According to the strident feminist ideology of the Seventies, women were sisters first, and my mother chose to see me as a sister rather than a daughter. From the age of 13, I spent days at a time alone while my mother retreated to her writing studio – some 100 miles away. I was left with money to buy my own meals and lived on a diet of fast food.
But the truth was I was very lonely and, with my mother’s knowledge, started having sex at 13. I guess it was a relief for my mother as it meant I was less demanding. And she felt that being sexually active was empowering for me because it meant I was in control of my body.
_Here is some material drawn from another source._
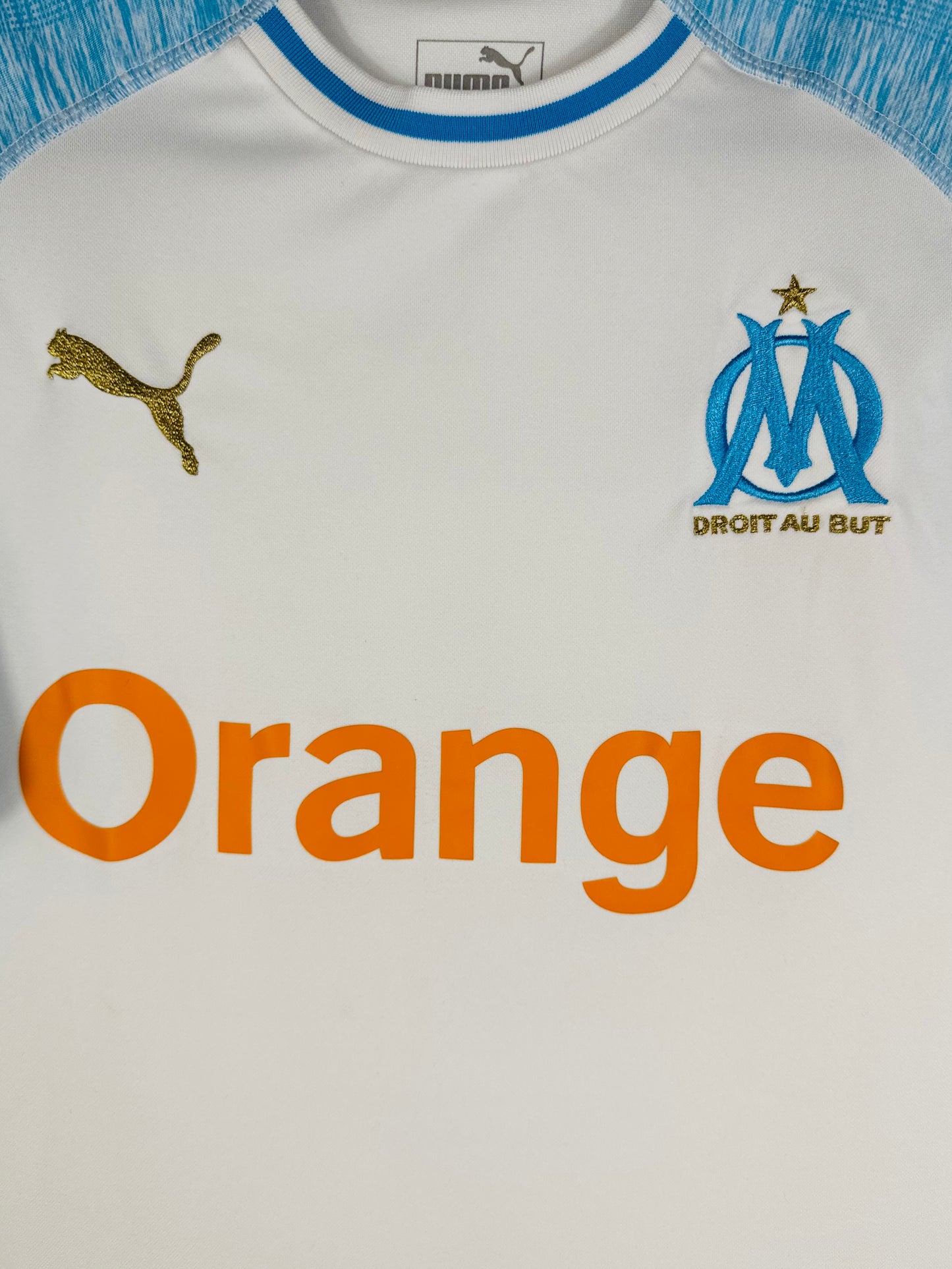 Détail de l'écusson de l'Olympique de Marseille et du logo Puma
Oh, I don’t believe that all feminists are as cold as Alice Walker seems to be in this article. But I do think that one of the underlining principles of feminism is that motherhood isn’t important, that women can ignore and shove aside their biological clocks without consequence. Rebecca Walker says it well in her article:
Then there is the issue of not having children. Even now, I meet women in their 30s who are ambivalent about having a family. They say things like: ‘I’d like a child. If it happens, it happens.’ I tell them: ‘Go home and get on with it because your window of opportunity is very small.’ As I know only too well.
Then I meet women in their 40s who are devastated because they spent two decades working on a PhD or becoming a partner in a law firm, and they missed out on having a family. Thanks to the feminist movement, they discounted their biological clocks. They’ve missed the opportunity and they’re bereft.
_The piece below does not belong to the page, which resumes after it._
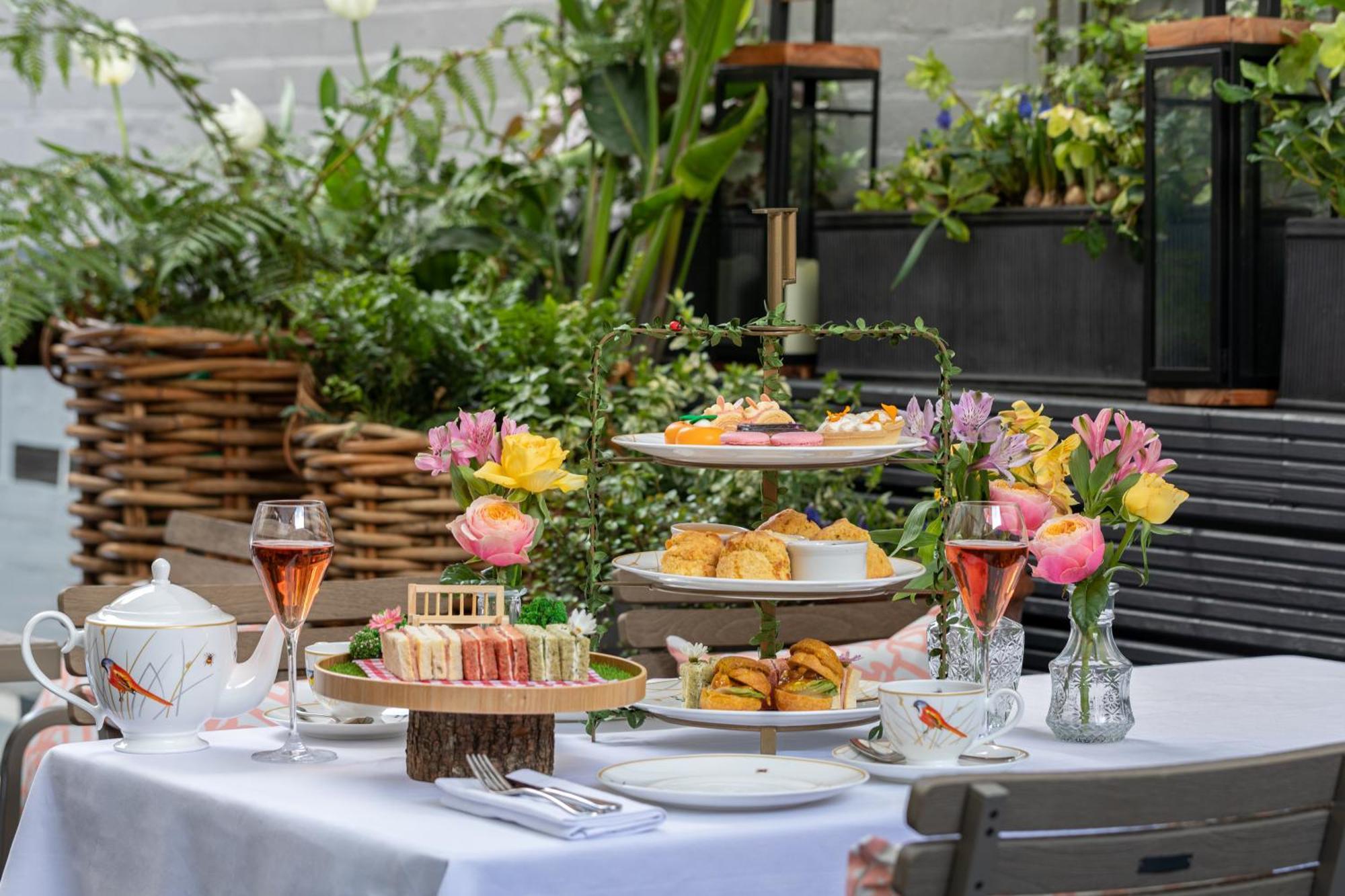 Hotel 11 Cadogan Gardens And The By Iconic Luxury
Feminism has betrayed an entire generation of women into childlessness. It is devastating.
In college, I was like the 30-something women described above. I thought I had years and years of time, that modern medicine would allow me to have children whenever I wanted. That, of course, is a lie. And it’s a big one perpetuated by the “you can have it all” faux miracle mentality espoused by feminists. Modern medicine, as great as it is, can only do so much.
The entire article is good, and quite a bit longer than I’ve quoted here. It’s worth a read.
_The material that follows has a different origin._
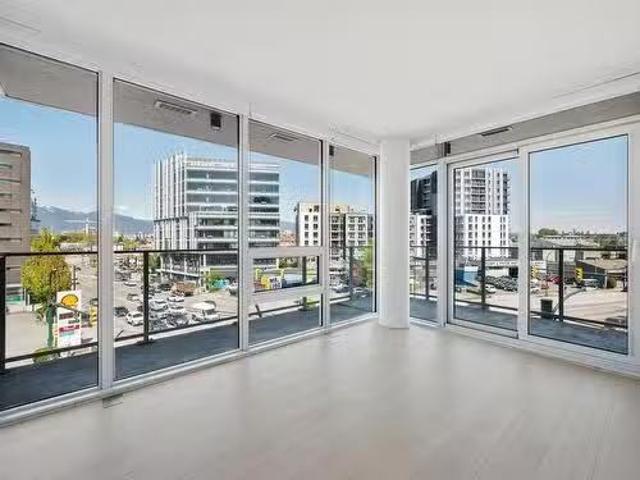 40X 180 2 Avenue E, Vancouver, BC, V5T 0K4 lease for lease.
Hello, Soap Box: It’s ignorant and downright arrogant to assume that you can have it all. I’ve learned that the best things in life, the worthiest things in life, have to be worked for, sacrificed for, and sweated over. You can’t just shove one aspect of your life aside and assume you can just easily pick it up later when it’s convenient. Life doesn’t work that way: Nothing worthy is easy. And there’s no way to have everything you want of worth. There are always sacrifices. Telling women that they can have it all is a betrayal of the women who sweated, worked, and sacrificed for something worthy. It’s negating their hard work by selling fast and easy to a gullible audience all too willing to believe in faux miracles.